Es necesario apelar a la memoria colectiva, esa gran herramienta, con la que contamos los seres humanos, luego de que pasa la bronca, la tristeza, e incluso la desazón que significa una derrota electoral.
Esta fuerza política, nacida desde y para el pueblo, no como slogan o panfleto, sino como herramienta capaz de generar sueños, esperanzas, tejidas desde el llano en colectivo, en días, noches, años de luchas conciliando acción y pensamiento.
La fuerza que fue capaz de construirse en la diversidad de ideas, esa misma que no representa un único pensamiento sino que se autoalimenta de un imponente crisol de ideas, corrientes, pensamientos.
La que no en vano nos une bajo la bandera de Otorgues, para recordarnos a cada instante la guía imprescindible que representa el ideario artiguista.

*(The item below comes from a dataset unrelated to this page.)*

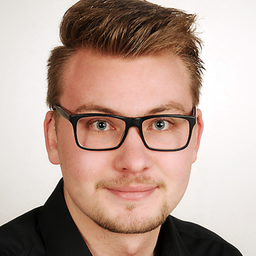 Julian Schmotzer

La que surgió en los barrios capitalinos, extendiéndose en cada rincón del país, en cada pueblo, bajo la forma de comité de base, espacio donde aprendemos el valor de la unidad de acción, de la unidad programática, en la diversidad de las ideas.
Esa misma fuerza política, que al decir de nuestro líder histórico, el general Líber Seregni, no es una ocurrencia de dirigentes políticos, sino una necesidad popular y colectiva del Uruguay.

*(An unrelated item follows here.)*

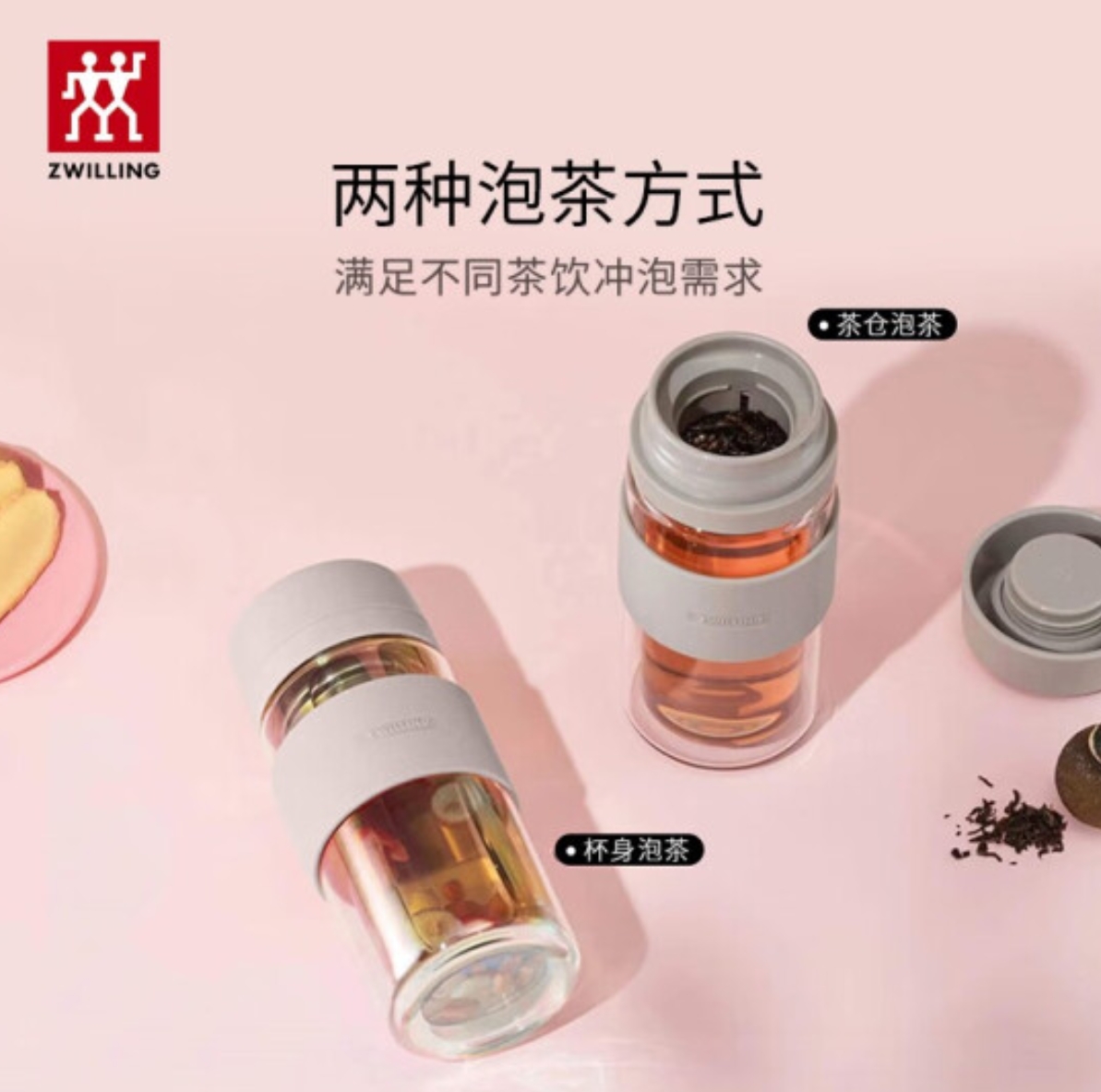 无图片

Este Frente Amplio, que pago el alto costo de una generación encarcelada, torturada, desaparecida y exiliada, por defender el derecho a vivir en una tierra digna con igualdad de oportunidades para cada compatriota sin importar si nació cerca o lejos de la capital.
La que luego de esa larga historia, llevo adelante una década y media de transformaciones sustanciales. La que a pesar de haber sufrido una derrota electoral, vive y lucha en cada espacio de representación, en cada comité de base, en cada lugar donde se encuentre un militante.
En estos cincuenta años de historia, en el recuerdo de aquel acto público, al que asistí de la mano de mis padres siendo una niña de 4 años, hay nombres que están grabados en la historia, y que seguramente cometería la injusticia de olvidar alguno, alguna, si quisiera mencionarlos.
Por tal motivo, quiero en este 26 de marzo, cuando ya el reloj, pasa la hora 00, cuando está está llegando un nuevo día, luego de haber participado de diversas actividades, marcadas por esta etapa triste de pandemia, hacer llegar el agradecimiento a los gigantes hombres y mujeres que nos precedieron, pero fundamentalmente , a los y las protagonistas anónimos.
Porque si algo tenemos claro es que luego de 50 años, la protagonista es la gente, sus sueños su desvelo, su trabajo, sus sufrimientos y sus luchas como militantes sociales y políticos. Eso fuimos, somos y seremos, síntesis, expresión, acción y herramienta alternativa.
Cincuenta años después, estamos de pie!